This outage caught Odalis Sánchez, 63, out on the street with his grandson. He couldn’t walk because of a recent operation, so he called someone to give him a ride home.

About 200 people waited at the bus stop near him, but the buses were not running due to lack of fuel, so they tried to get on by any means available, including hitchhiking.

“I need to be able to get home to see what I can do,” said Sánchez. “Without power, you can’t do anything. My grandson is also studying. I have to make food for him. Public transportation is useless.”

This is the second such outage that has affected the western region of Cuba in the past three months.

In early December, the outage that hit the western region of the island lasted for about 12 hours. Officials said a fault in the power line connecting the two power plants caused an overload that led to the collapse of the western sector of the power system.

‘We must keep fighting’

Cuba is struggling with dwindling oil reserves after the United States attacked Venezuela in early January, a move that halted vital petroleum exports to the South American country. Later that month, US President Donald Trump threatened to impose tariffs on any country that would sell or supply oil to Cuba.

A pedicab rider passes a defunct traffic light in Havana, Cuba
A pedicab passes a traffic light that went out during a blackout in Havana on Wednesday. It’s the latest outage to hit an island struggling with dwindling oil and a crumbling power grid. (Yamil Lage/AFP/Getty Images)

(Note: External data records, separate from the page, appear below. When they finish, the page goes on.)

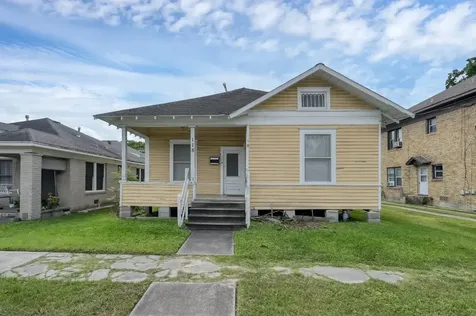 118 North Street Houston TX 77009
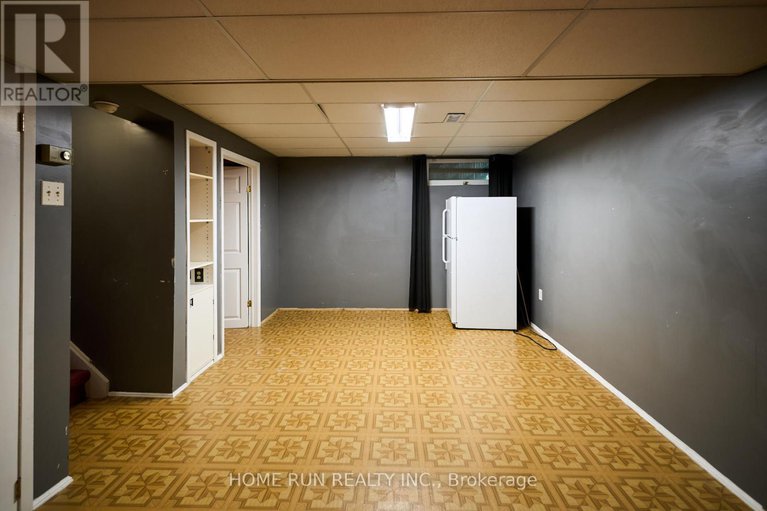 28873097/20-thiessen-crescent/katimavik/ottawa/ontario/K2L2M3_36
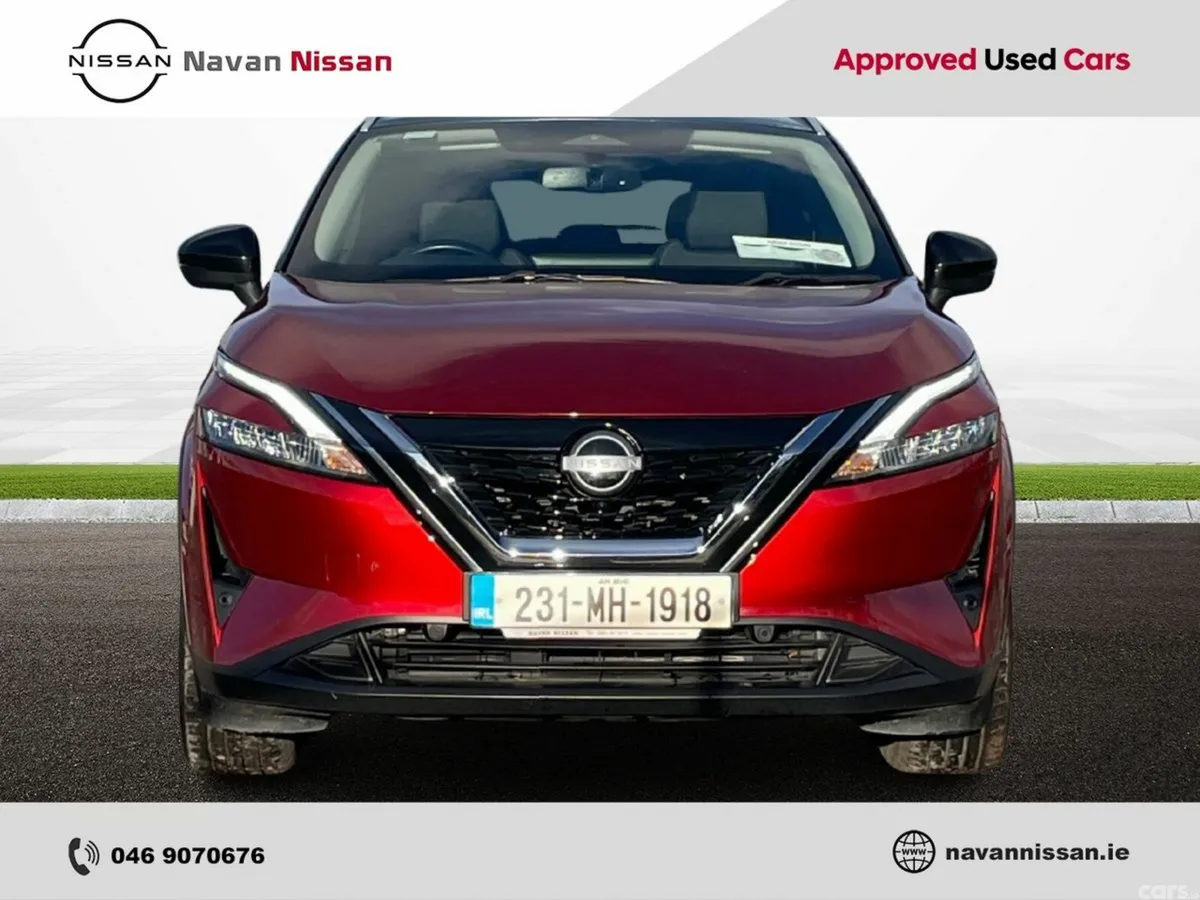 Nissan Qashqai MPV, Petrol Hybrid, 2023, Red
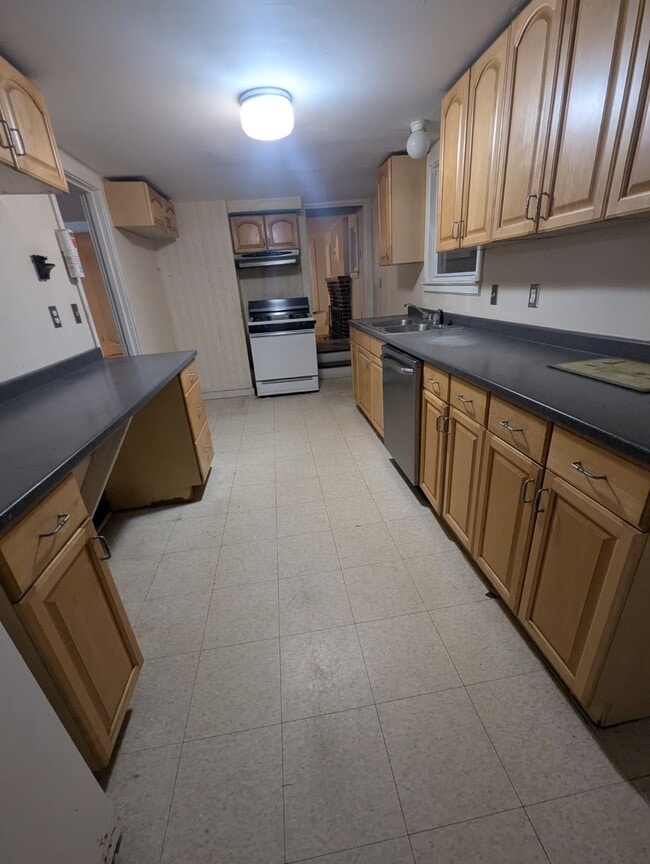 Building Photo - 115 Morris Ave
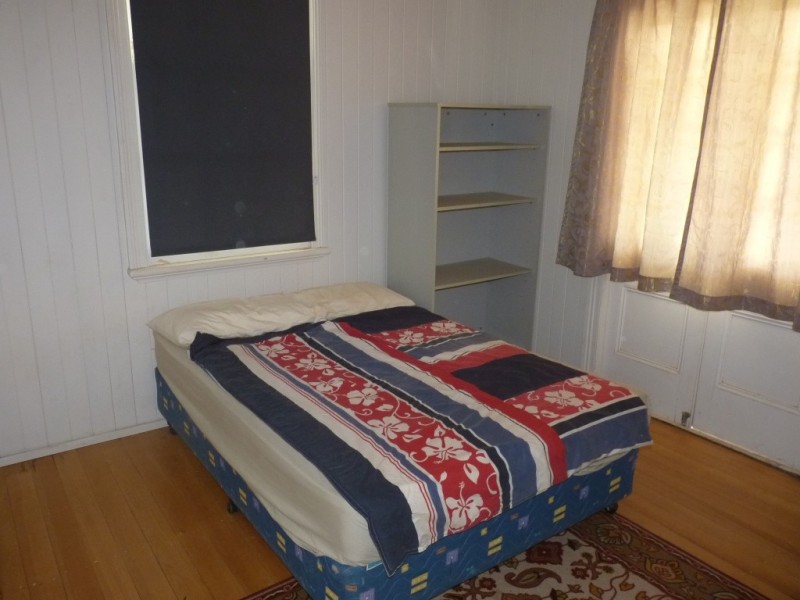 69 Scott Street, St George QLD 4487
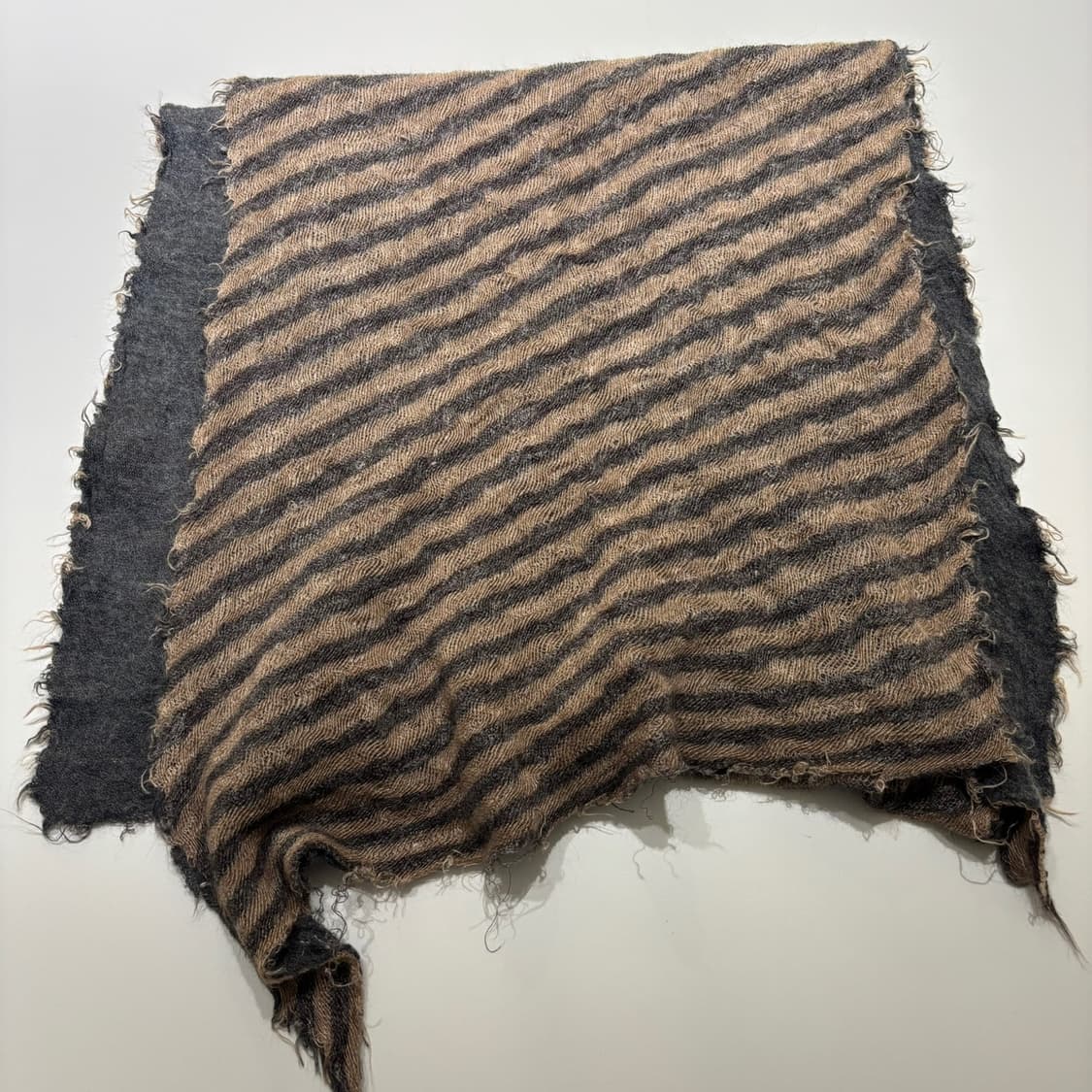 빈티지 스트라이프 그런지 머플러 상품이미지1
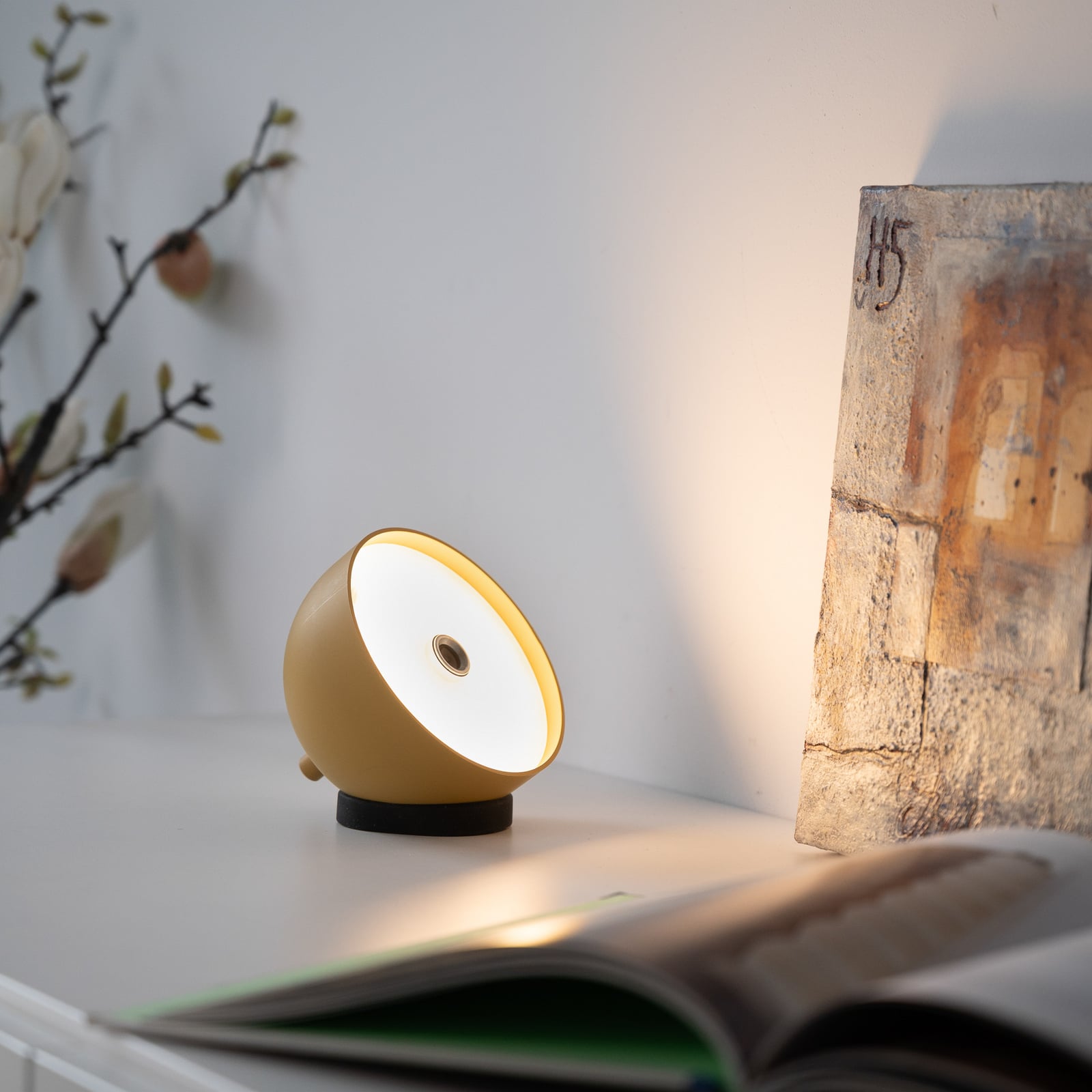 Bakside av LED oppladbar bordlampe Bellies Blütenzauber dimbar IP54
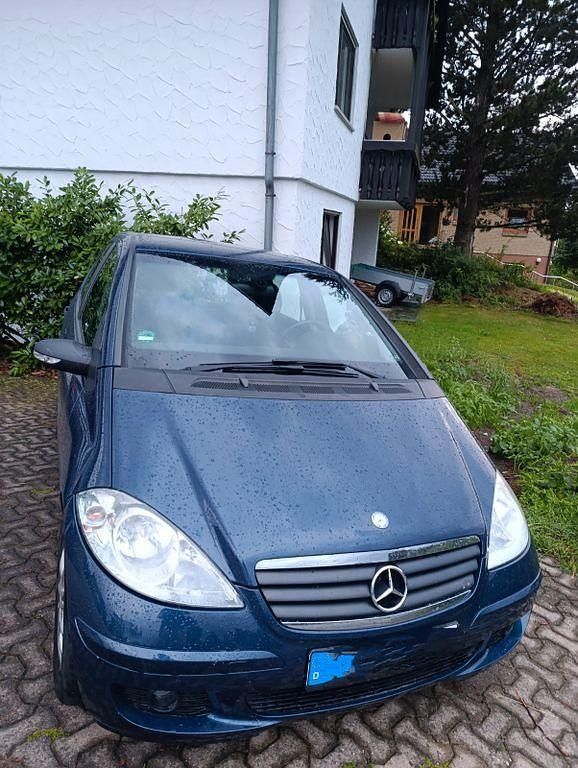 Blau Gebraucht 2007 Mercedes A160 Classic Van / Kleinbus | 3.500 € (Fairer Preis) - Bild 1/4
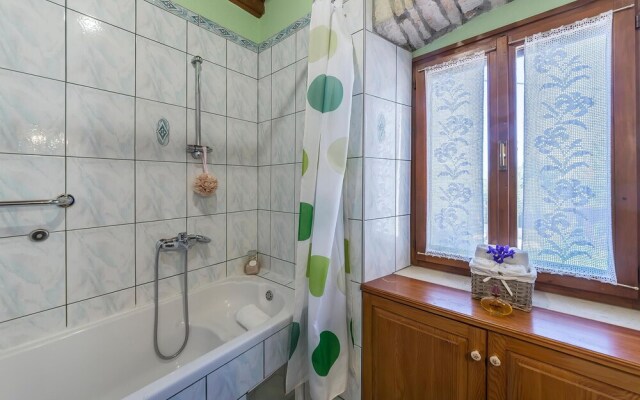 Amazing Home in Pula With 4 Bedrooms and Wifi
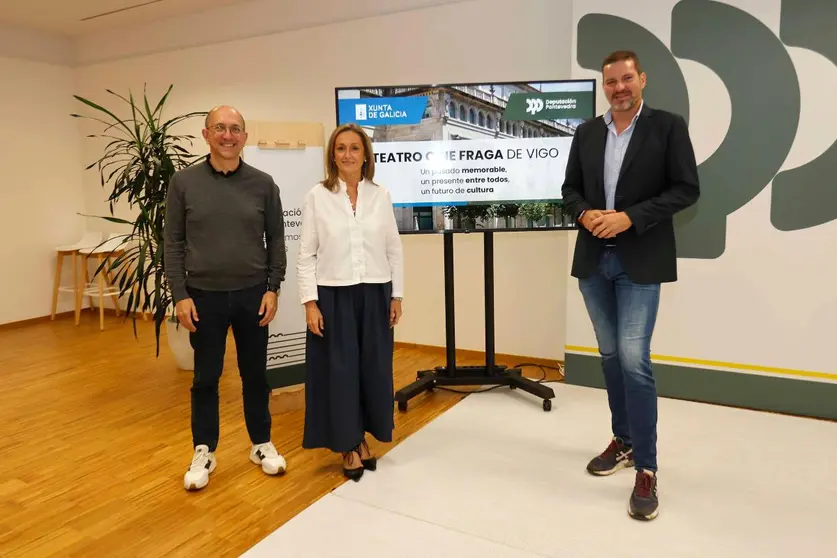 El conselleiro de Cultura, Lingua e Xuventude y la vicepresidenta del organismo provincial dieron cuenta de la iniciativa que se desarrollará mientras no se inicien las obras en el inmueble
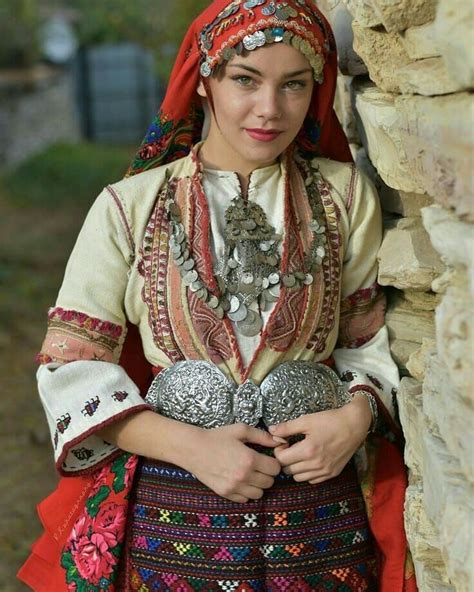 bulgarian folklore  images bulgarian women bulgarian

Ernesto Couto Martínez, 76, was trying to get a fare home and said he would deal with the latest outage “with the spirit that all Cubans have.”

“We have to keep fighting. There is no other way,” he said. “We have to go forward, to block or not to block.”

Last month, the Cuban government implemented fuel-saving measures and warned that jet fuel would not be available at nine airports across the island until mid-March.

Before the attack on Venezuela, the island was already suffering from the collapse of the electricity grid, power shortages and fuel supply disruptions.